Ever since tens of thousands of people converged on the streets of Seattle and successfully shut down the World Trade Organization in November 1999, convergences have been the tactic of choice for confronting global capitalism. It is no surprise, then, that those who see the upcoming Olympics in Vancouver as one more attempt by state and corporate elites to expand their own interests at the expense of the general population have called for a convergence from February 10 to 15, 2010.

Organizers have been working steadily towards the event for over two years, and have called for activists from across the country and around the world to descend on the Vancouver area to express their opposition to the social and environmental havoc wreaked by the Games. The convergence will consist of a two-day popular education conference followed by four days of action, focusing on the specific themes of indigenous peoples, land, poverty, women and the security crackdown on civil liberties. Countering the “corporate circus” of the Games with the spectacle of mass resistance, organizers hope to pack the streets with people engaging in diverse yet coordinated actions, disrupting the Games and sending a message of dissent to the world. But beyond this expression of dissent, what do activists actually hope to achieve with this tactic?

Organizers with the global justice movement have levelled substantial critiques of precisely this kind of mass protest, questioning both its effectiveness at achieving real change and its potential to distract or detract from more locally rooted organizing efforts. Those engaging in anti-Olympics resistance have had to grapple with difficult questions about the usefulness of convergences and consider whether the tactic can be modified to address both the concerns that have been raised and the specific circumstances of the event and the host community. Activists’ success or failure in dealing with these concerns in Vancouver will have significant implications for future organizing in the city, as well as the future of convergences as a tactic.
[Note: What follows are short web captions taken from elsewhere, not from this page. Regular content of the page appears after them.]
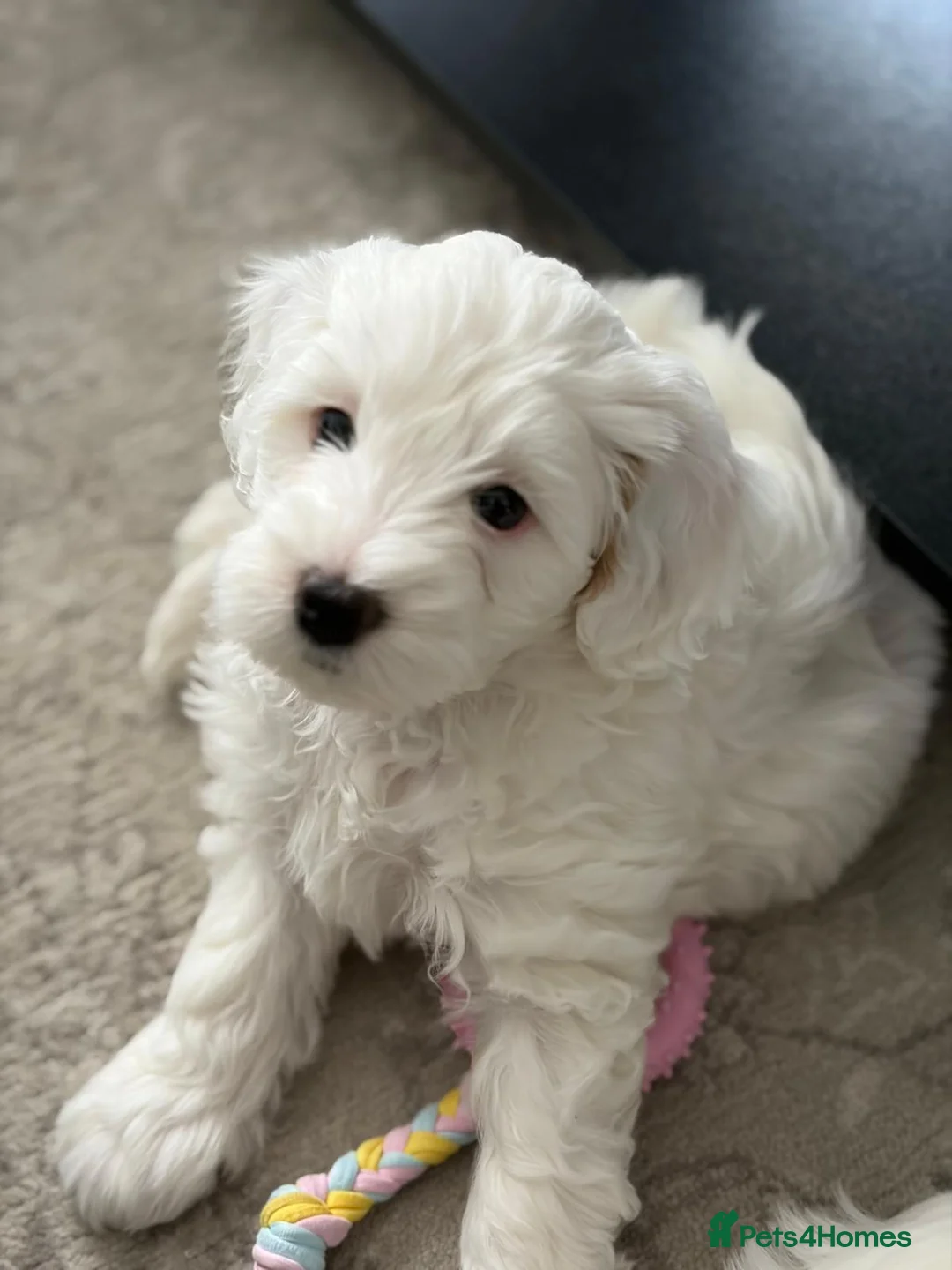 Mixed Breed dogs for sale: One beautiful girl and one handsome little boy  - Advert 3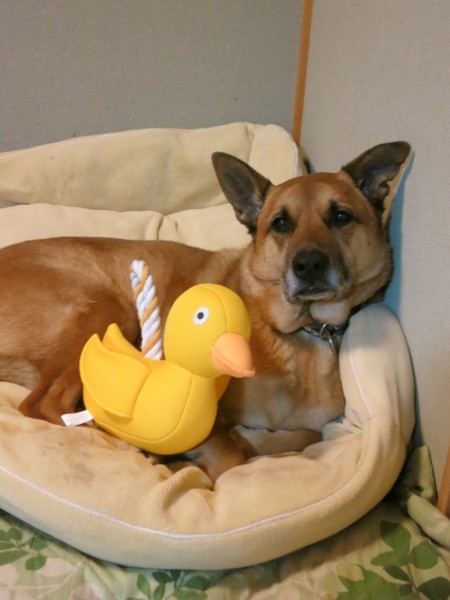 f:id:mamimami_LA:20130305170514j:image f:id:mamimami_LA:20130305170514j:image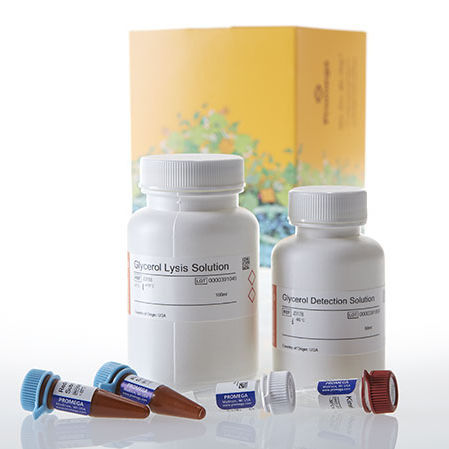 血清試薬キット - Glycerol-Glo™ - Promega France - 組織用 / 有機試料 / リン酸塩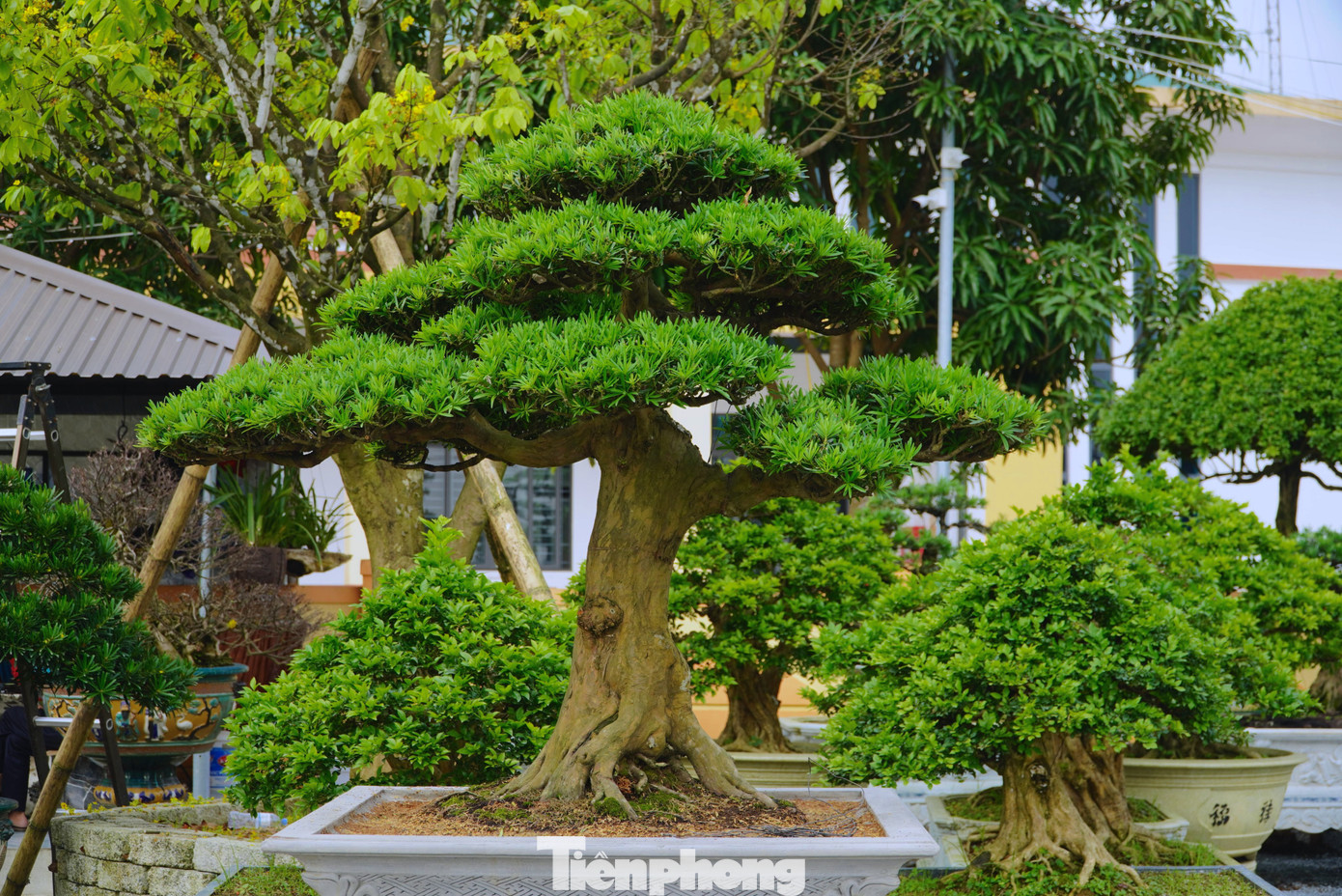 Thị trường cây tùng La Hán bắt đầu được nhiều người Hà Tĩnh săn lùng trong khoảng 3 năm nay.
The rise and fall (and rise?) of convergences

Now emblematic of the heyday of the antiglobalization movement on the continent, Seattle saw the co-operation of labour groups, anarchists, NGOs, church groups and others in organizing a days-long gathering of resistance involving popular education, independent media training and an array of street actions ranging from marches to strikes to militant direct actions.

While mass demonstrations were nothing new, Seattle ushered in a new wave of mass protests in North America and beyond. Nearly every meeting of global political and financial elites over the past decade — the summits of the WTO, IMF, G8 and World Bank, in addition to numerous free trade agreements — has been met with resistance that organized itself according to the convergence model. For many, these convergences are celebrations of creative resistance and solidarity, direct threats to the state and corporate purveyors of global domination, and the primary voice of the antiglobalization movement.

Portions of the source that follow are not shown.